Мы шли, казалось, очень медленно, хотя офицеры, из тех отказников, что первоначально хотели смолчать и постоять в сторонке, говорили, что ход корабль набрал хороший. У меня же складывалось такое впечатление, что наш фрегат — на секундочку, лучший в русском флоте, построенный по новейшим французским технологиям — вот-вот развалится на части. Все скрипело, трещало, и порой нужно было орать во всю глотку, чтобы через весь этот треск до кого-то докричаться.

— Ваше благородие, так то еще не скрипит, на иных кораблях поболе будет, — с некоторым удивлением сказал мне сержант Кашин, когда я поделился с ним своими наблюдениями.

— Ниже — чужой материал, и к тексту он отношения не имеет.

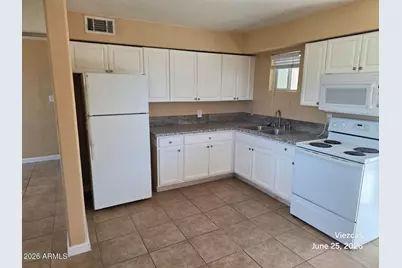 1132 E 4th Street, Casa Grande, AZ 85122 - Photo 10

Один французский линейный корабль отправился-таки в погоню. Это был не флагман «Ахилл», другой, похожий, но корабль скоростной, и он постепенно нагонял нас. Впрочем, шансы вырваться оставались. Туман до конца так и не развеялся, можно было уйти в самую его гущу и оторваться. Вот только уже час погони, а французы не отставали.

Ну не говорить же как есть: «Да, мы обречены!». Думал всегда, что парусные фрегаты должны быть быстрее линейных кораблей. Оказывается, что это не правило.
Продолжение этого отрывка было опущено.